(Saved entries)

* * *

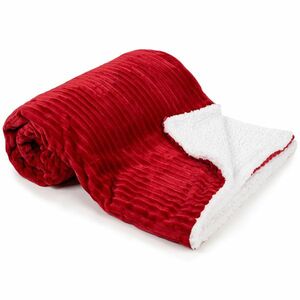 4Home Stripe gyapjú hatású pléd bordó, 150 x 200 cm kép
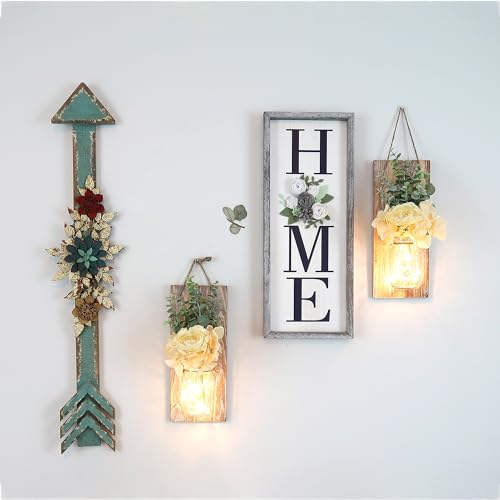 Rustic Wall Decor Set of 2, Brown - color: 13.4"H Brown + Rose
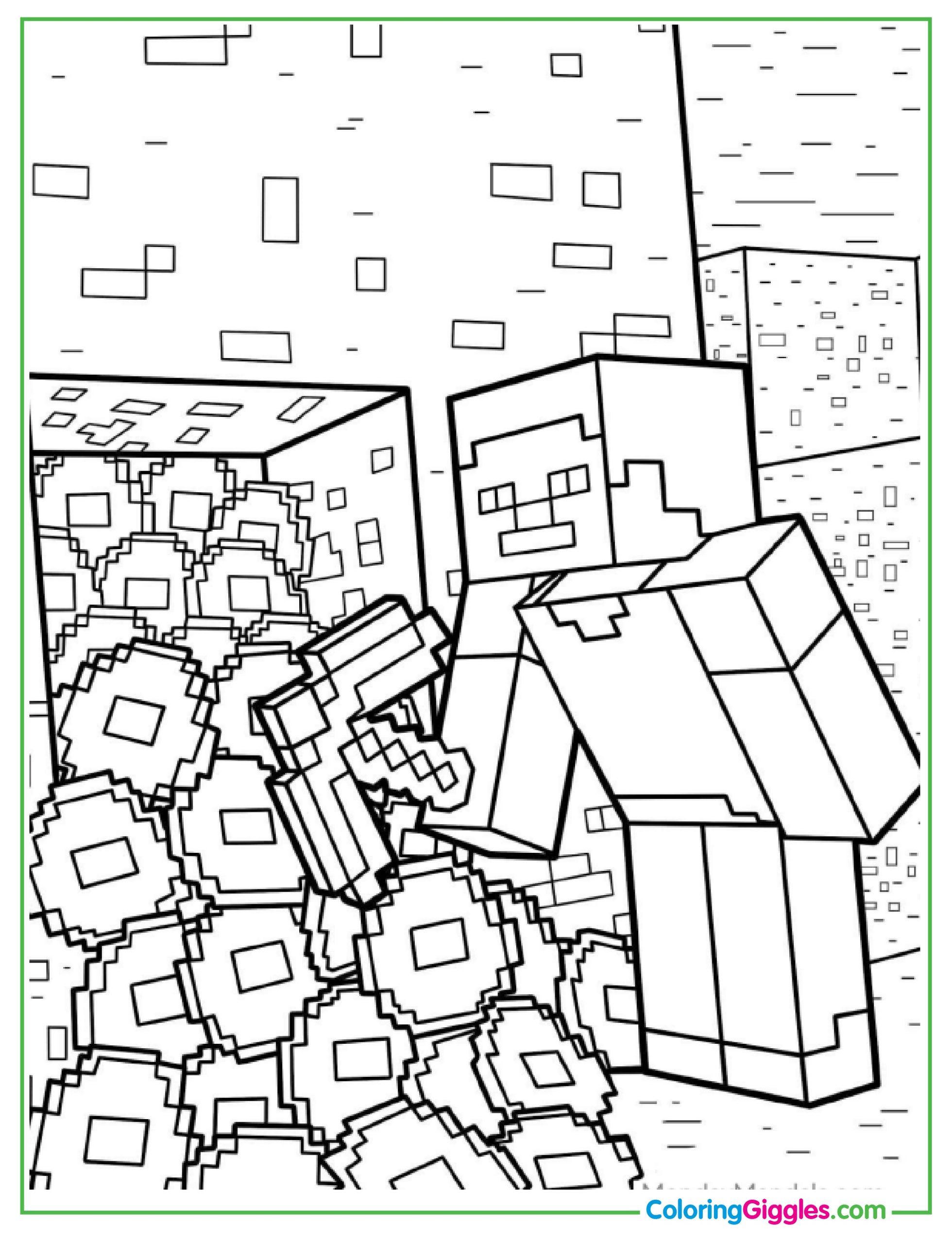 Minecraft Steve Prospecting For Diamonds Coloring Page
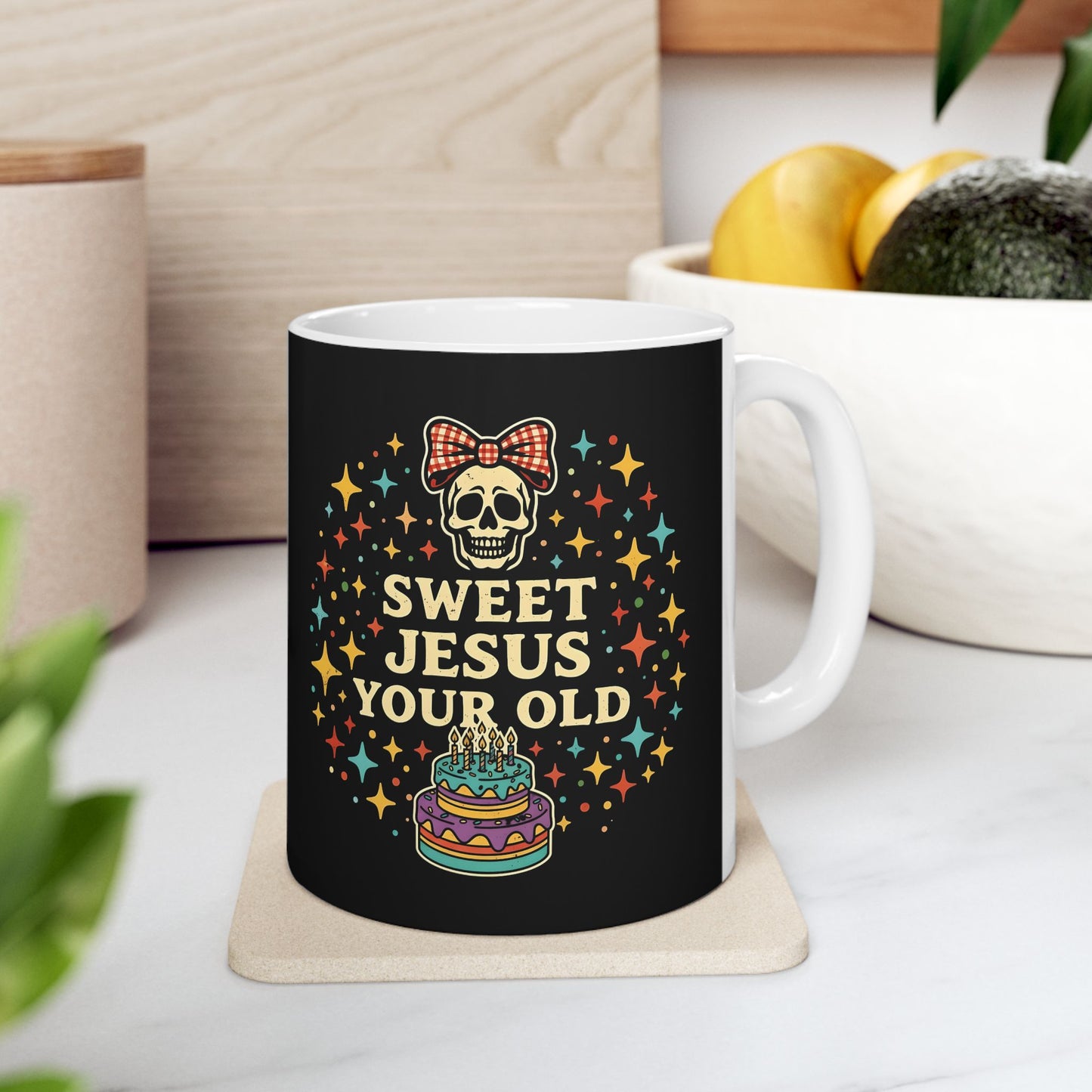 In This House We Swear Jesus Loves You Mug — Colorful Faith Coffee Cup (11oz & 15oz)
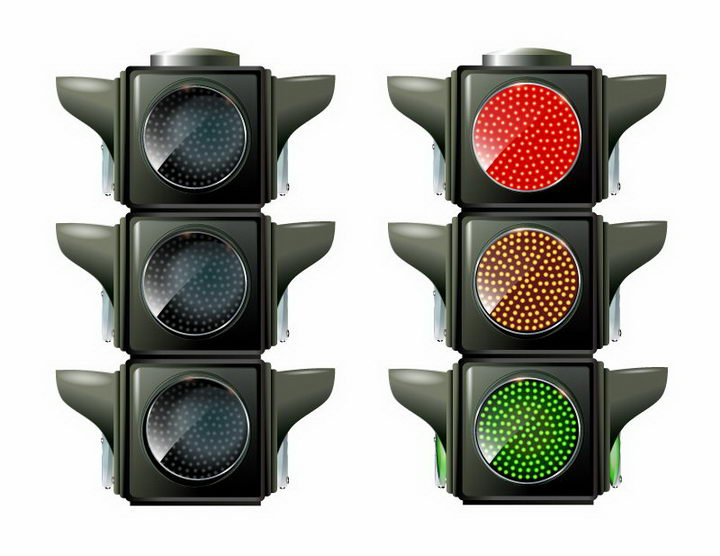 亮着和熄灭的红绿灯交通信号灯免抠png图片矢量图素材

* * *

Retype the data above exactly. Do not carry over any images.

 4Home Stripe gyapjú hatású pléd bordó, 150 x 200 cm kép
 Rustic Wall Decor Set of 2, Brown - color: 13.4"H Brown + Rose
 Minecraft Steve Prospecting For Diamonds Coloring Page
 In This House We Swear Jesus Loves You Mug — Colorful Faith Coffee Cup (11oz & 15oz)
 亮着和熄灭的红绿灯交通信号灯免抠png图片矢量图素材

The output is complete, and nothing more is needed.